Well, Foxtel has broken the bad news: they’re axing Channel [V], ending the TV favourite’s 20-year history after a slump in audience figures.

And what better way to pay tribute to a fallen icon than by revisiting one of its best-loved shows? Every week in the early 2000s Channel [V] hosted Room 208, the on-air dance party that was Boiler Room before Boiler Room existed.

From 6pm on Saturday nights, teenagers would arrive at Fox Studios in droves for their chance to cut shapes on live television. For two hours, hosts Mike Kerry and drag queen Clair De Lune would preside over the dance-off, interviewing the dancers present – who usually came bearing fake names, as though that somehow granted them anonymity on national television – and awarding the most original dancer a $1000 cash prize.

The best bit?
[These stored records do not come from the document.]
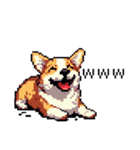 日常 ドット絵 コーギー 40種 犬 イヌ DOG（個別スタンプ：22）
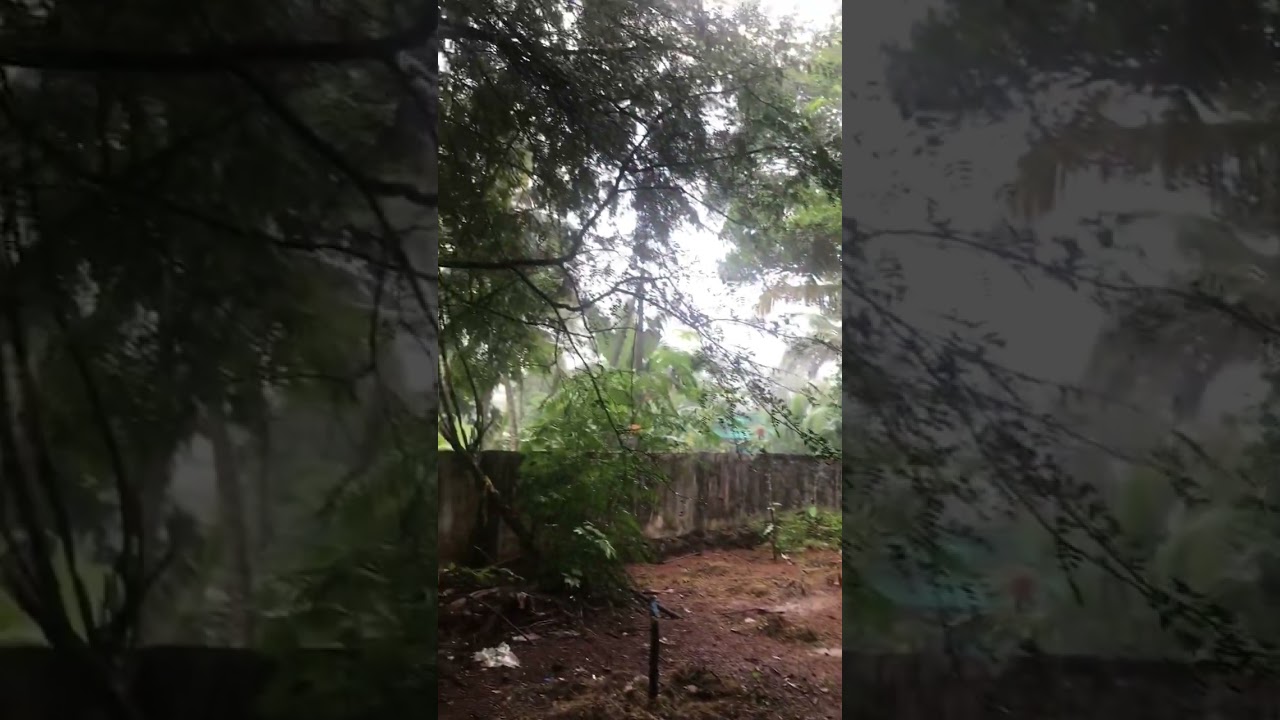 Kerala Rain 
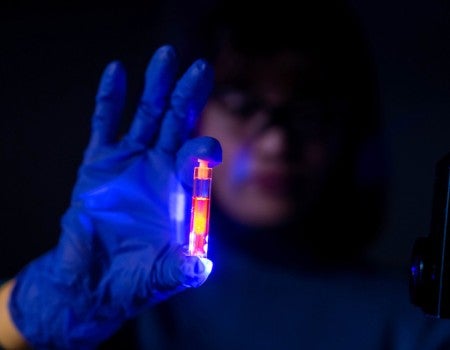 researcher photot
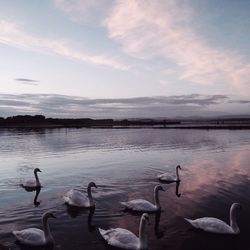 View of birds in calm lake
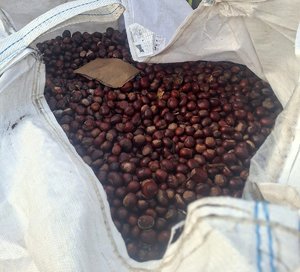 Finał zbiórki kasztanów dla Mai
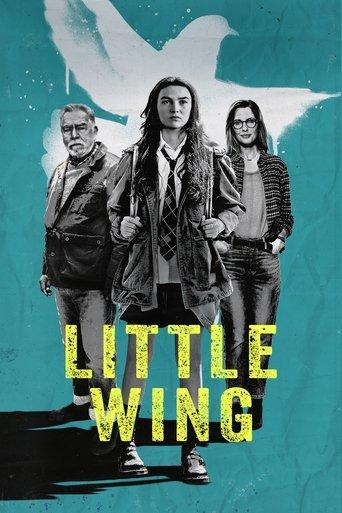 Little Wing film afişi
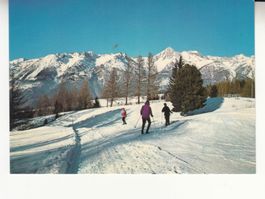 Bürchen 1980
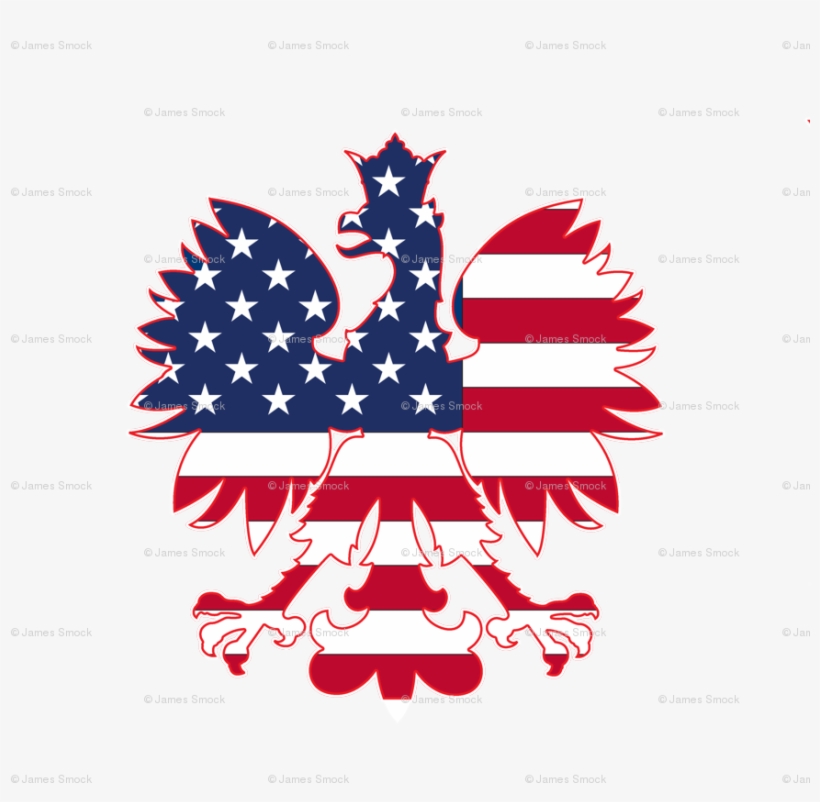 Polish American Flag, transparent png #1224743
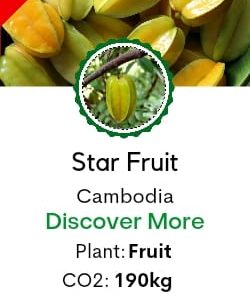 Star Fruit /Averrhoa Carambola
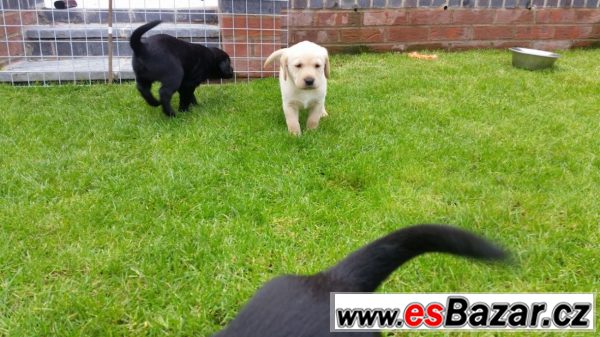Labrador štěně s PP – fotografie 3
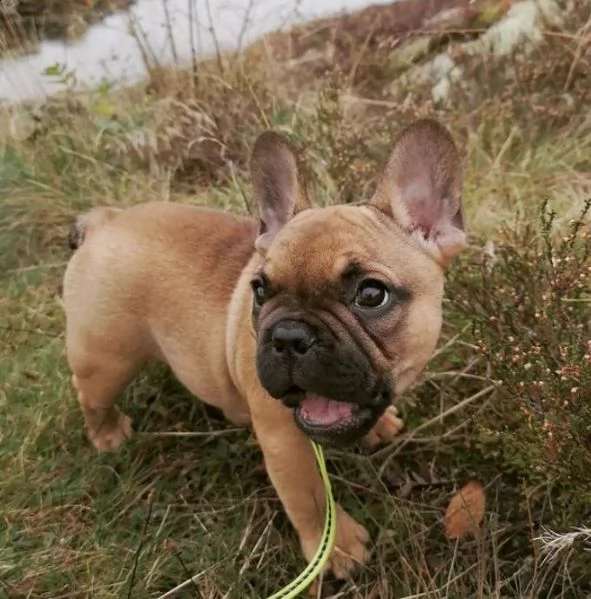 regalo bouledogue francese | Foto 0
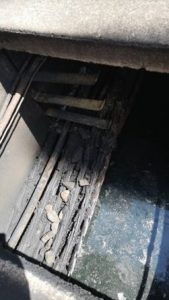 55515104_2241940979199306_912439224777572352_o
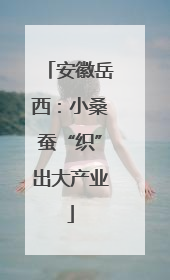 安徽岳西：小桑蚕“织”出大产业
As many as 250,000 viewers would tune in every week to watch teens bust out moves like the”shuffle pop yo-yo champion”, making Room 208 one of Channel [V]’s top-rating programs at the time.

Room 208 even became a destination for touring DJs, with the likes of Mark Dynamix stopping by to play sets.

It was also a total sweatbox – producers would cram 80 people into a tiny room, turn off the air con and blast the music. “The body odour is so bad that staff spray the audience with deodorant, much like flight attendants spray international aircraft cabins with pesticide before landing in Australia,” the Sydney Morning Herald observed in 2003. “This must be a TV first.”

Naturally, it held a special – if lovingly ridiculed – place in heart of dance fans. “We make it a bit of a tradition and get smashed watching 208 then walk to the local club,” one inthemix forum userwrote in 2002. “It would be good if I could blank out the screen, edit the show so the talking isn’t heard… and just have the music playing.”